AMD and Intel both have product lines with integrated graphics. From Intel, its integrated graphics is in almost everything that Intel sells for consumers. AMD used to be that way in the mid-2010s, until it launched Ryzen, and now we have separate CPU-only and CPU+Graphics options. This is where the company philosophy differs.

AMD's desktop processors with integrated graphics are primarily intended to be a whole system replacement, with users relying on the integrated graphics for all their graphics needs. As a result AMD puts a lot more processing hardware into its integrated graphics solutions for the desktop, and it results in a good gaming experience for entry level gaming.

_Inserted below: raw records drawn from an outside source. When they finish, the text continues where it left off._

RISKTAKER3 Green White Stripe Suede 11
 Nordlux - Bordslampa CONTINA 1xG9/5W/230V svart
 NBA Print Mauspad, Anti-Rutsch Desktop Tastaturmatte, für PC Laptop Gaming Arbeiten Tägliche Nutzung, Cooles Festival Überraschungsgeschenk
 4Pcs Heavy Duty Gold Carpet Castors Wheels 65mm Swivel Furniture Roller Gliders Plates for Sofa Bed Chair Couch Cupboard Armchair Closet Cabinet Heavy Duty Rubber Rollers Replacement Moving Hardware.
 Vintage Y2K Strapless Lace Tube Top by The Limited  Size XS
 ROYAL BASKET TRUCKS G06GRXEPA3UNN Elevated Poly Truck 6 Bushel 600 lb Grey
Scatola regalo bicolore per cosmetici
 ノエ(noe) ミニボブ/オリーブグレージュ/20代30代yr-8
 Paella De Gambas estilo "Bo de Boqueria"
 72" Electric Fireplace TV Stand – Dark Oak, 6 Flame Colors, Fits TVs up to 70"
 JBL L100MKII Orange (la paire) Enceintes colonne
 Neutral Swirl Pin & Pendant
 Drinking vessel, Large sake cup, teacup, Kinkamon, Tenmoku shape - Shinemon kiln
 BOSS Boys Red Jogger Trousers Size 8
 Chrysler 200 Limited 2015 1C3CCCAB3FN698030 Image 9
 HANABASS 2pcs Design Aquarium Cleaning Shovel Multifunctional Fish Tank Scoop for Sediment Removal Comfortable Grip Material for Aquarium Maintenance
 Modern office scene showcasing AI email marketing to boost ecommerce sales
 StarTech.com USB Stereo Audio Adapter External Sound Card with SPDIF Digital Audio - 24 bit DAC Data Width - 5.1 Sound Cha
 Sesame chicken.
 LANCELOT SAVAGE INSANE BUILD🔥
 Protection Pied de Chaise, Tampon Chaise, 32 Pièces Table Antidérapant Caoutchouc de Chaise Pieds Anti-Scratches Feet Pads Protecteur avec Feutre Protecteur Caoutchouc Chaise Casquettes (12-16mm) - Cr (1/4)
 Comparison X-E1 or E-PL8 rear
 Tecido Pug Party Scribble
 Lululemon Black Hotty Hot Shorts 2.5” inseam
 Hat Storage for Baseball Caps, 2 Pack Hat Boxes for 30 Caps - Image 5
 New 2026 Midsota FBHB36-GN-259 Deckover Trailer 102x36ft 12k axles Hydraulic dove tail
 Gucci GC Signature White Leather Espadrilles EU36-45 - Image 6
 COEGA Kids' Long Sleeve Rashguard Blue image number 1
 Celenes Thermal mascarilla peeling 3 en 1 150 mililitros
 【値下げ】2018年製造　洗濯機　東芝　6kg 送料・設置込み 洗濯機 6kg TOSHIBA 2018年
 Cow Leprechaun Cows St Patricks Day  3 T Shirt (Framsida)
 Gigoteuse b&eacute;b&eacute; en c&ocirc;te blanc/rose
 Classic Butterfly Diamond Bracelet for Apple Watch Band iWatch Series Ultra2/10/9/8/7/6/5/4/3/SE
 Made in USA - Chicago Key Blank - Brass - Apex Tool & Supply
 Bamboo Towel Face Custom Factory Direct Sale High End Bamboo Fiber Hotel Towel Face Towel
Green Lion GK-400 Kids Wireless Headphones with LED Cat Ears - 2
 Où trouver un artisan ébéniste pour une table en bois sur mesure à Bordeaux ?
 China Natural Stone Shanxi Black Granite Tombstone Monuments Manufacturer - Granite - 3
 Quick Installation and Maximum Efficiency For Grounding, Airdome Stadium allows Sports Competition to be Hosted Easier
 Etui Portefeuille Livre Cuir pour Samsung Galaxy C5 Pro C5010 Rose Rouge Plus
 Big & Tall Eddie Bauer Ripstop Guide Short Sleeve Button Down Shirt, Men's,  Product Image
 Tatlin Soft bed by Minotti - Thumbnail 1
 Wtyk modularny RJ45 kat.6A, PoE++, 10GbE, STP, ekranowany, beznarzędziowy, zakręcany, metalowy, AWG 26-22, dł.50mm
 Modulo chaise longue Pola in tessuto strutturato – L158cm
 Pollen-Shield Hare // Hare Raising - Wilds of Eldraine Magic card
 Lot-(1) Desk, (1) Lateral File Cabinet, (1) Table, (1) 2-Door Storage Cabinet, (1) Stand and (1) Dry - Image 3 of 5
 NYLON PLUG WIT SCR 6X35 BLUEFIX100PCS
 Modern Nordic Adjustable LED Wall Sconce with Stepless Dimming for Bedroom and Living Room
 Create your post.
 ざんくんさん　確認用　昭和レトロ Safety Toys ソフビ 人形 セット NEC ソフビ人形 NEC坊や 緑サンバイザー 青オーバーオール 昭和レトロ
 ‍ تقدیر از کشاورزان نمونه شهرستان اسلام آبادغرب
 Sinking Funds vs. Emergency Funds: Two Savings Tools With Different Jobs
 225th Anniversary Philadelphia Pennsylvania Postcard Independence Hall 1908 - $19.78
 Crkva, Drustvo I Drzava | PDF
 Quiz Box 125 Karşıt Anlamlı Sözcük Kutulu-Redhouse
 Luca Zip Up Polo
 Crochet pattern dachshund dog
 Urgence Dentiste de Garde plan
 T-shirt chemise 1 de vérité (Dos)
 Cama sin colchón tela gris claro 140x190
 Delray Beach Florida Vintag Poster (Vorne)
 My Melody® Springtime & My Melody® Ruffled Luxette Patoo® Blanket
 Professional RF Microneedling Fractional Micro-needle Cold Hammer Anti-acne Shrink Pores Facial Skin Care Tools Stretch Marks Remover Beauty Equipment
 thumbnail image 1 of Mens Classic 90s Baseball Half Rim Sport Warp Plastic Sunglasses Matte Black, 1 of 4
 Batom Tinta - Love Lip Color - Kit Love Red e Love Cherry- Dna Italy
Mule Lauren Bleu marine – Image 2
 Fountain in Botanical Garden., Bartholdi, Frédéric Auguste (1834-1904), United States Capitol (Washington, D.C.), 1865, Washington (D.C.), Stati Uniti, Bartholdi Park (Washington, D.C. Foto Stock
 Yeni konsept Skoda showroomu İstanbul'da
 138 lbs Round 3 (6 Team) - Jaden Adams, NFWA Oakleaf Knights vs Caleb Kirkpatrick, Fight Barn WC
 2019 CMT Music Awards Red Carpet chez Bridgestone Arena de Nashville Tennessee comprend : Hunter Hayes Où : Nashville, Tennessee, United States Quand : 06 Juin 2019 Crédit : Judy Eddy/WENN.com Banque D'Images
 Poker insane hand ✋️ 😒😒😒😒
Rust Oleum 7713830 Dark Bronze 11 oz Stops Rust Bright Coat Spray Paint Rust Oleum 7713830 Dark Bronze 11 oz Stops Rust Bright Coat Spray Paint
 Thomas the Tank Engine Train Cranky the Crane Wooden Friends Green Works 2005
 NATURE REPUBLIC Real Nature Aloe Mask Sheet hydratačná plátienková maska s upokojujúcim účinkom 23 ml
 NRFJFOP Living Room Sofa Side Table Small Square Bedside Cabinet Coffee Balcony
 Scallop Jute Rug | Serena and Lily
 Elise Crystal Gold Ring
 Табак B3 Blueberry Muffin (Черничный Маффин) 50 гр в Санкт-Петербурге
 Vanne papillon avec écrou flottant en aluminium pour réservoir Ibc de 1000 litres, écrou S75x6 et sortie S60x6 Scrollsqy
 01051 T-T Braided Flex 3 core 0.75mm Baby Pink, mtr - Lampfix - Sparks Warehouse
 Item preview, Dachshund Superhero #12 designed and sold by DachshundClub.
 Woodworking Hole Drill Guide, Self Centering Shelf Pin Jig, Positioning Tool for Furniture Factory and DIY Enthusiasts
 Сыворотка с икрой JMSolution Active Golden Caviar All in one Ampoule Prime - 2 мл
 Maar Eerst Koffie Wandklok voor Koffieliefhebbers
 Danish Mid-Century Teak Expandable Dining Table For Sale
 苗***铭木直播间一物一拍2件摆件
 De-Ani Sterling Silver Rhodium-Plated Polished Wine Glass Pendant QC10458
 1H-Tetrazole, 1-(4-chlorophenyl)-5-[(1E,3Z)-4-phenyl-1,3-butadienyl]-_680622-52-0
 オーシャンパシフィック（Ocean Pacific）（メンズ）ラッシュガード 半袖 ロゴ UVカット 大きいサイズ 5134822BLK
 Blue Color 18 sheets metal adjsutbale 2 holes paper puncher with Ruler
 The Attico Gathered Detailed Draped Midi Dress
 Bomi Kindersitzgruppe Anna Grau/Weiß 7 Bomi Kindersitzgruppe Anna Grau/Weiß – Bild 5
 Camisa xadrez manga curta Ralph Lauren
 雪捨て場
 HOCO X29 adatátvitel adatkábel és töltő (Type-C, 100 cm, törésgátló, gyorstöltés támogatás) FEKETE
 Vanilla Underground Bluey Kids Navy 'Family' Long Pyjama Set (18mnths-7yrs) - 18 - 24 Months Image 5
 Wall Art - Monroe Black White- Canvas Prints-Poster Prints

Intel's route on the otherhand is a bit more basic. The desktop integrated graphics here has two main directions: first, as the basic graphics needed for an office system, or second, more of a fall-back option for when the discrete card doesn't work or fails in more premium desktop systems. The power isn't there for hardcore grunt like gaming of any serious note, but it is certainly enough to cover the basics.

Despite this, with the new Xe-LP graphics solution, Intel has some aces up its sleeve. First is AV1 decoding, which allows users to watch AV1 content without putting stress on the CPU. Second is video encoding accelerationt through QuickSync, which has actually been a part of Intel's graphics for a number of years. Third is a relatively new feature: Intel's 'additional processor' mentality. Normally when a system has a discrete graphics card, the integrated graphics is disabled. But now, with its latest mobile devices for example, when Intel pairs its mobile processor with integrated graphics with a second graphics solution at about the same performance, with the right software Intel allows both graphics to work asynchrouusly on two different problems. The limit to this in the past has been dictating which graphics is the video out rather than simply a compute accelerator, but Intel believes it has worked it out. However, this is relatively little use for gaming, the topic of today.

Results Summary

In this review, we highlighted that Intel has now implemented its new Xe-LP graphics architecture onto its desktop processor line, and tested the new solutions against our traditional CPU gaming test suite. What we saw, in terms of a generational uplift from the i9-10900K to the i9-11900K, is actually quite impressive:

In our 720p testing, there's a clear generational gain across the board for Rocket Lake, and in most cases the games become a lot more playable. The average gain is 39%. If we flip to our gaming results at the higher resolution and settings:

Games with under 10 FPS across the board are left out

For these titles, the average gain is 153%, showing that Xe-LP is certainly a step up regardless of the workload.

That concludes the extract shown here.